--- REQUIREMENT ---
Locate every line below that contains the word "Woman" and copy it.

--- AVAILABLE RECORDS ---
..............................

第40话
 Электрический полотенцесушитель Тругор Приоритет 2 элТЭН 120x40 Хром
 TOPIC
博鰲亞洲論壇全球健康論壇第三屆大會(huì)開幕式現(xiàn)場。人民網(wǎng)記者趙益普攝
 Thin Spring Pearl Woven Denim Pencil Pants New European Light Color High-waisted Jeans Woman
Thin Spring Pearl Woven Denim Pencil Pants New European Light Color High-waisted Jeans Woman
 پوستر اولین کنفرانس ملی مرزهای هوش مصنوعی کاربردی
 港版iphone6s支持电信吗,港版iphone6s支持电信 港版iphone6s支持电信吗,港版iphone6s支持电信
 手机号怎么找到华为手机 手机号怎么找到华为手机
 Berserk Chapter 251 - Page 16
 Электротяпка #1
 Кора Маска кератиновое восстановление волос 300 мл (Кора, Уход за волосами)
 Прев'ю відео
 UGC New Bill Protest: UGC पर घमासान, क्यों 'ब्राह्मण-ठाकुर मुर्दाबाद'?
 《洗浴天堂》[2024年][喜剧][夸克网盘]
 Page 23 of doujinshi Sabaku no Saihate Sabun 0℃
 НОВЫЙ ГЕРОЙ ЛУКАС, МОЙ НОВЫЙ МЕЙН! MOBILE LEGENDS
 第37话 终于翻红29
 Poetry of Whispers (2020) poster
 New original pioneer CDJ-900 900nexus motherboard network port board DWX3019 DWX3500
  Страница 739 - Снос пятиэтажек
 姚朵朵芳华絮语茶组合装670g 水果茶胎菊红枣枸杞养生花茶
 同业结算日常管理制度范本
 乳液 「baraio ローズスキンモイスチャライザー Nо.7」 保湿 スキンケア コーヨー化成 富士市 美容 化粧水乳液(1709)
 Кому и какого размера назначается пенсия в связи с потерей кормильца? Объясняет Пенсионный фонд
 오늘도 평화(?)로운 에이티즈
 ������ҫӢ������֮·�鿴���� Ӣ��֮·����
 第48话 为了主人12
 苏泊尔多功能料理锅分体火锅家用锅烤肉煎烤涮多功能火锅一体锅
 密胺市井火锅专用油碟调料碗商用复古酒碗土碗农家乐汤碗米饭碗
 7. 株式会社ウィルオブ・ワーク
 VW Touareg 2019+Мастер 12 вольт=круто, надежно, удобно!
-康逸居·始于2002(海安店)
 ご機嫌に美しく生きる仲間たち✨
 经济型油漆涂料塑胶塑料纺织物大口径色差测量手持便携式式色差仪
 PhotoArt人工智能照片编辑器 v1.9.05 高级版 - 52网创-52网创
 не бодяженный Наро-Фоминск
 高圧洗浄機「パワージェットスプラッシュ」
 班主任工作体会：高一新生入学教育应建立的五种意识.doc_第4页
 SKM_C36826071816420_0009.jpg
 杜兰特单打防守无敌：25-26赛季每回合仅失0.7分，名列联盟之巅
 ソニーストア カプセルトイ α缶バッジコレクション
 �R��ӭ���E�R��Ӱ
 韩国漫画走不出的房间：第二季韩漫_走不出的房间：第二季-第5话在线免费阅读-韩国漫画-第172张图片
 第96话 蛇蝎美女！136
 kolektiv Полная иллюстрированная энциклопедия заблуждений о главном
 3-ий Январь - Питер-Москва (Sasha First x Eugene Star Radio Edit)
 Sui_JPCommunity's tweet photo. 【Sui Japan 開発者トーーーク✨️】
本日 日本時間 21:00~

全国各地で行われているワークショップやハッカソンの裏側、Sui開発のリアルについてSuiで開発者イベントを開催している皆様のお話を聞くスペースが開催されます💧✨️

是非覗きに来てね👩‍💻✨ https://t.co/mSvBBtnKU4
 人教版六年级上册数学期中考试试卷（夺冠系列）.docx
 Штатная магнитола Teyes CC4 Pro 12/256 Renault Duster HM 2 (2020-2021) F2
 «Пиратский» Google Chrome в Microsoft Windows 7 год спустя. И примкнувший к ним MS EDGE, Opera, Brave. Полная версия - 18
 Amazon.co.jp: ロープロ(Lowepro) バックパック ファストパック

..............................

--- OUTPUT OF THE TASK ---
 Thin Spring Pearl Woven Denim Pencil Pants New European Light Color High-waisted Jeans Woman
Thin Spring Pearl Woven Denim Pencil Pants New European Light Color High-waisted Jeans Woman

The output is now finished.